Re: [PATCH net] udp: fix segmentation crash for GRO packet without fraglist

From: Lena Wang (王娜)
Date: Wed Apr 17 2024 - 03:20:22 EST


On Tue, 2024-04-16 at 19:14 -0400, Willem de Bruijn wrote:
>
> External email : Please do not click links or open attachments until
> you have verified the sender or the content.
> > > > > Personally, I think bpf_skb_pull_data() should have
> automatically
> > > > > (ie. in kernel code) reduced how much it pulls so that it
> would pull
> > > > > headers only,
> > > >
> > > > That would be a helper that parses headers to discover header
> length.
> > >
> > > Does it actually need to?
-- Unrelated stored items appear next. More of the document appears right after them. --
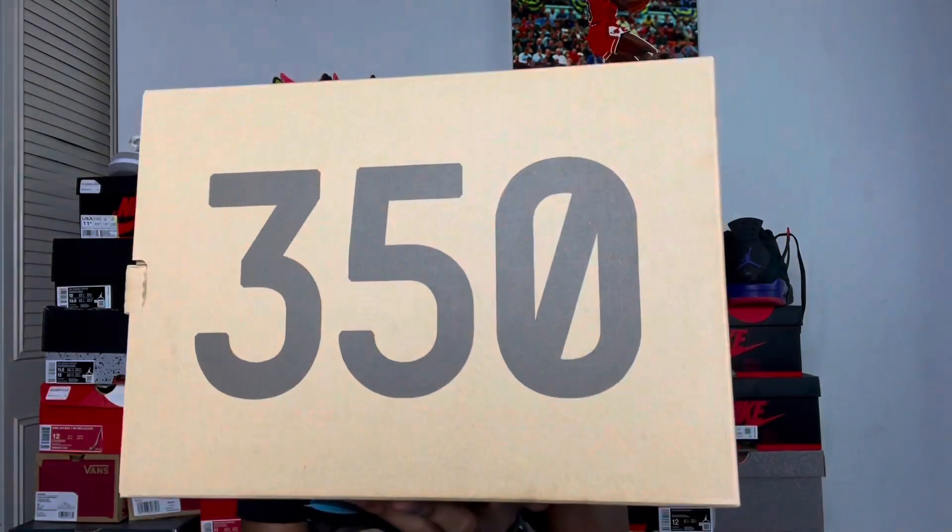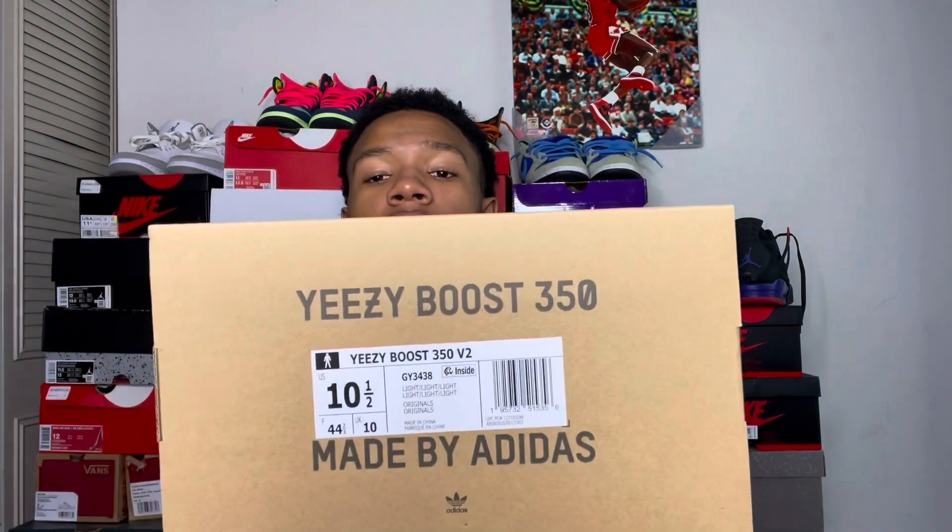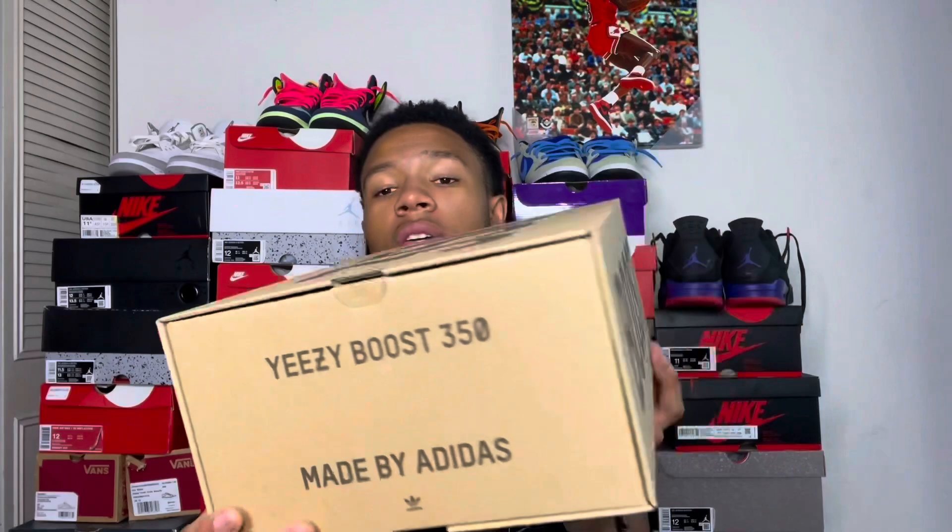The box — these ain't my size but I got them at Champs of course. Let me open this bad boy up. All your Yeezys have the model number right here. You got the 350 box, something like 700 — actually 500 — right here in the front. On top you got '350,' your 10 and a half, Yeezy Boost 350 made by Adidas. Inside it says Yeezy Boost 350 V2, size 10 and a half, Light Light Light.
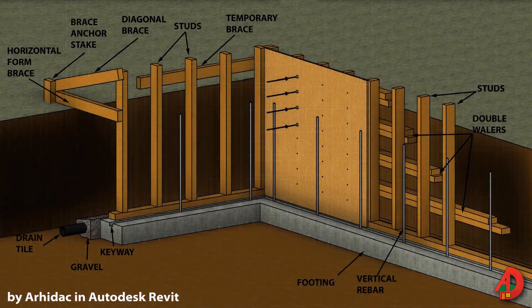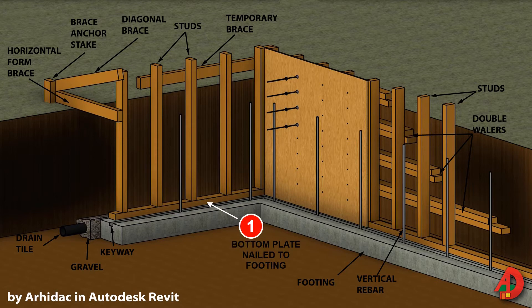To create the shape of the foundation, forms must be built. When 2-inch thick planks are used as sheathing, whalers are not required and studs and stakes may be placed farther apart. If panel forms are used, snap ties are laid out horizontally at 2 feet on center.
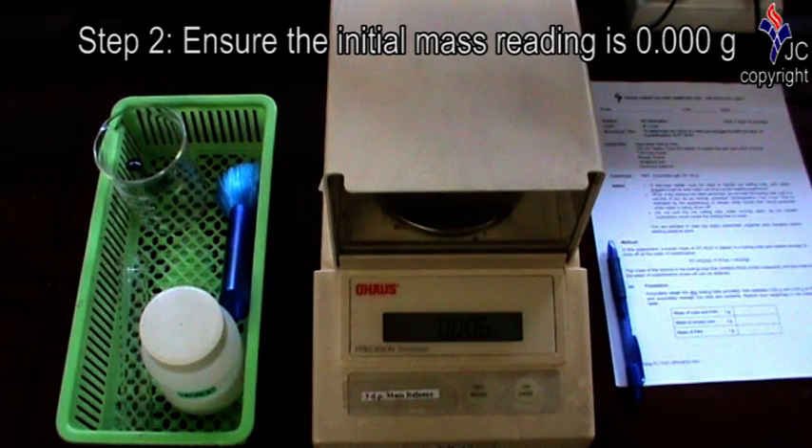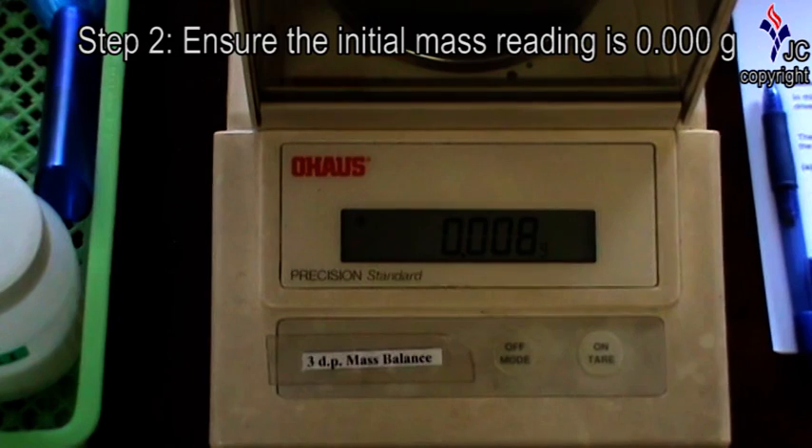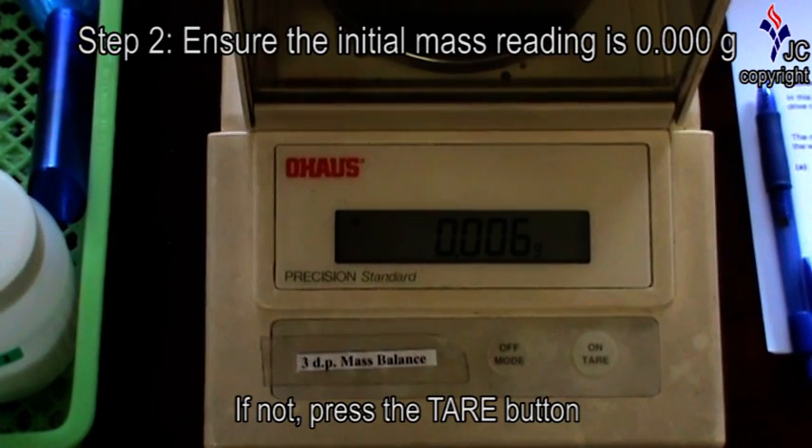With the cover of the weighing balance closed, check that the mass reading is 0.000 grams. If not, press the tare button.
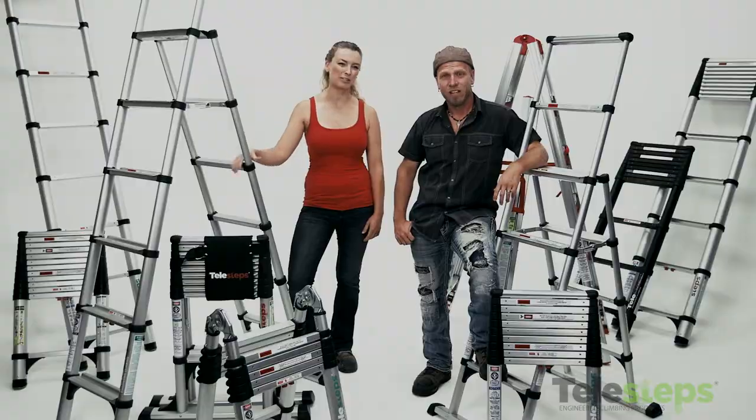Hi, I'm Paula Franz. And I'm Kate Campbell. And we're here with our friends from Telesteps today to talk about a revolutionary breakthrough in ladder technology.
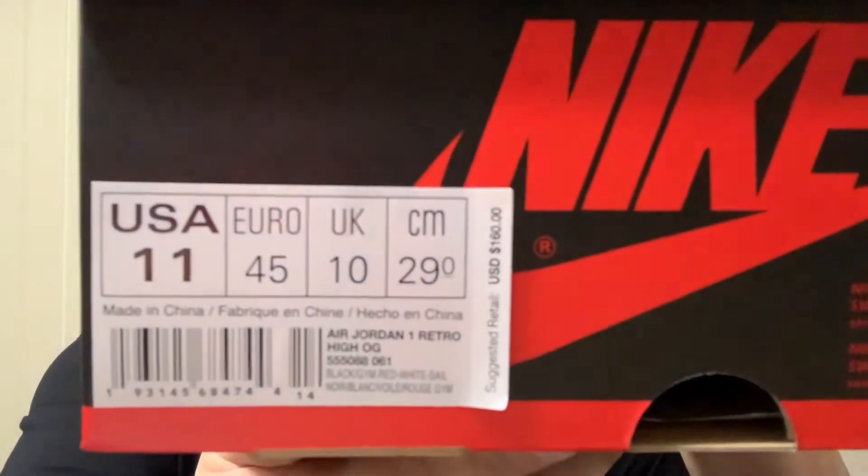Hello YouTube, it's me Jspec back at another video. This time on this joint — you already know this box is for Air Jordan 1. Here's the tag, pause it, do what you're gonna do.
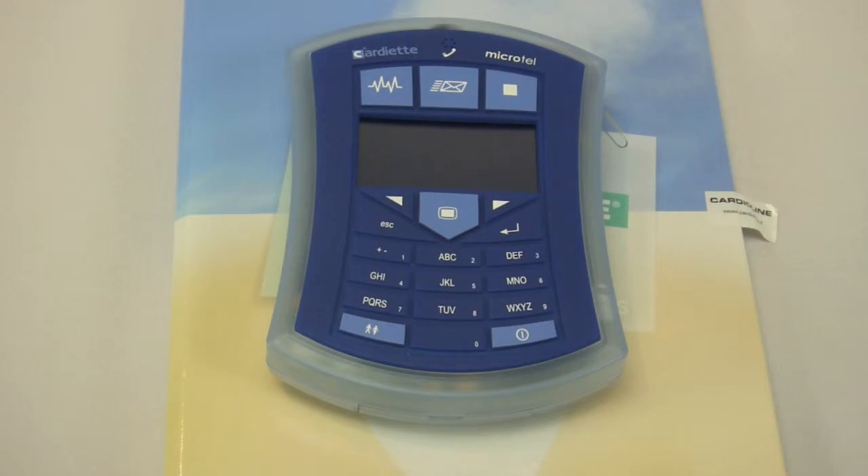It can operate in a real-time mode where you can view the EKG waveforms in real-time on a PC over Bluetooth. It also has a test-and-send feature where you can take a full 12-lead EKG away from the computer, save it into internal memory, and upload it at a later point in time.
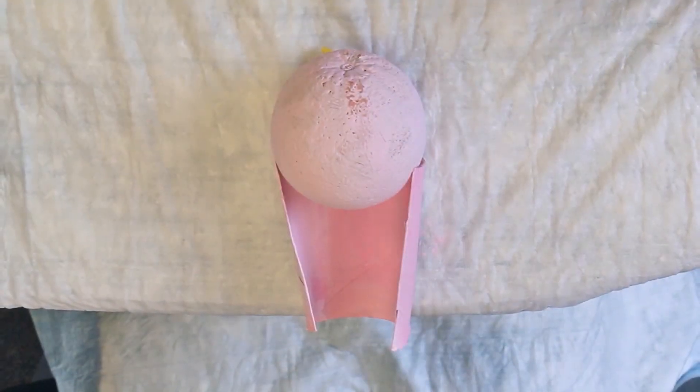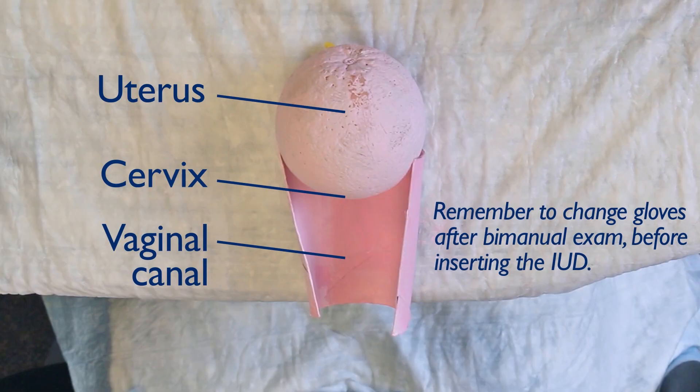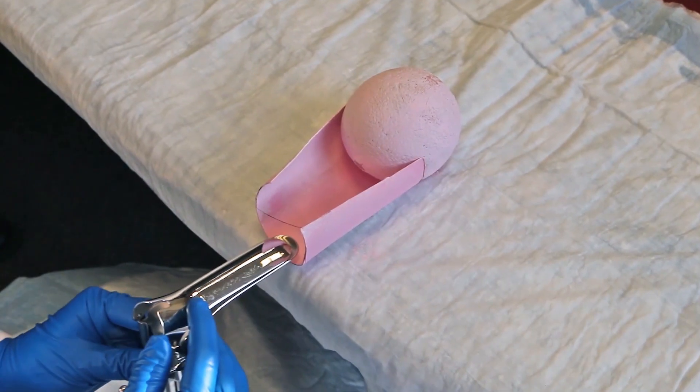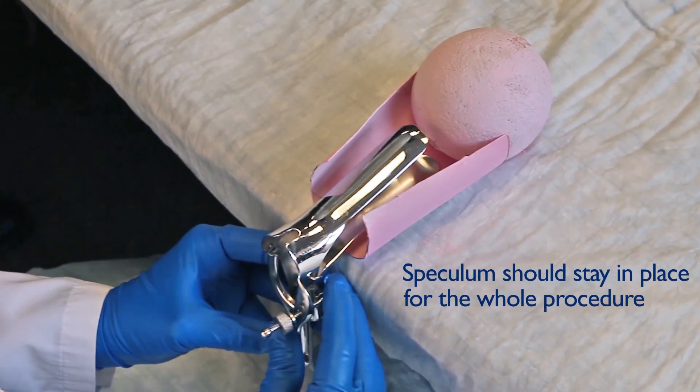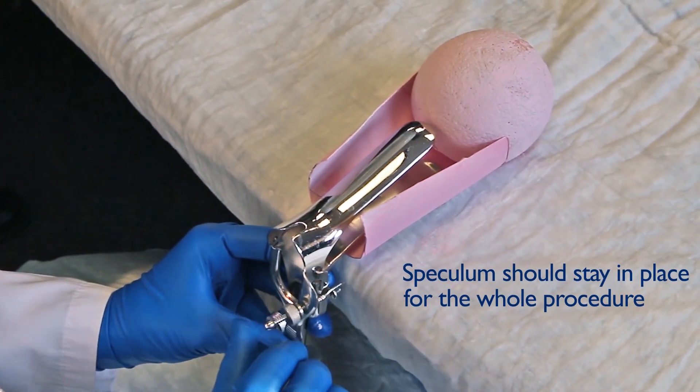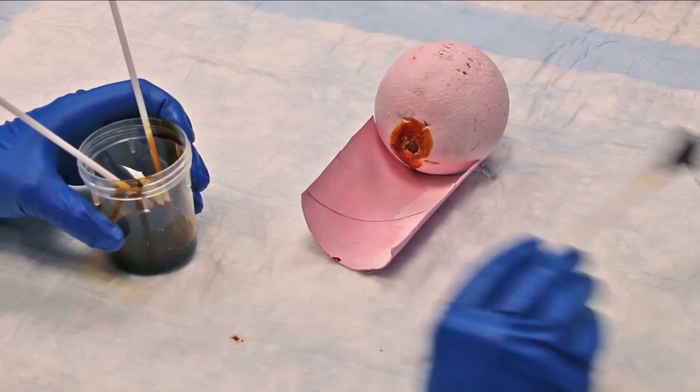Prior to any IUD insertion, you should perform a bimanual exam to confirm the shape, size, and direction of the uterus. Insert the speculum, and clean the cervix two to three times with the antiseptic solution.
Presumably the bpf pull function could
> > > notice that it is
> > > a packet flagged as being of type X (UDP GSO FRAGLIST) and reduce
> the pull
> > > accordingly so that it doesn't pull anything from the non-linear
> > > fraglist portion???
> > >
> > > I know only the generic overview of what udp gso is, not any
> details, so I am
> > > assuming here that there's some sort of guarantee to how these
> packets
> > > are structured... But I imagine there must be or we wouldn't be
> hitting these
> > > issues deeper in the stack?
> >
> > Perhaps for a packet of this type we're already guaranteed the
> headers
> > are in the linear portion,
> > and the pull should simply be ignored?
> >
> > >
> > > > Parsing is better left to the BPF program.
>
> I do prefer adding sanity checks to the BPF helpers, over having to
> add then in the net hot path only to protect against dangerous BPF
> programs.
>
Is it OK to ignore or decrease pull length for udp gro fraglist packet?
It could save the normal packet and sent to user correctly.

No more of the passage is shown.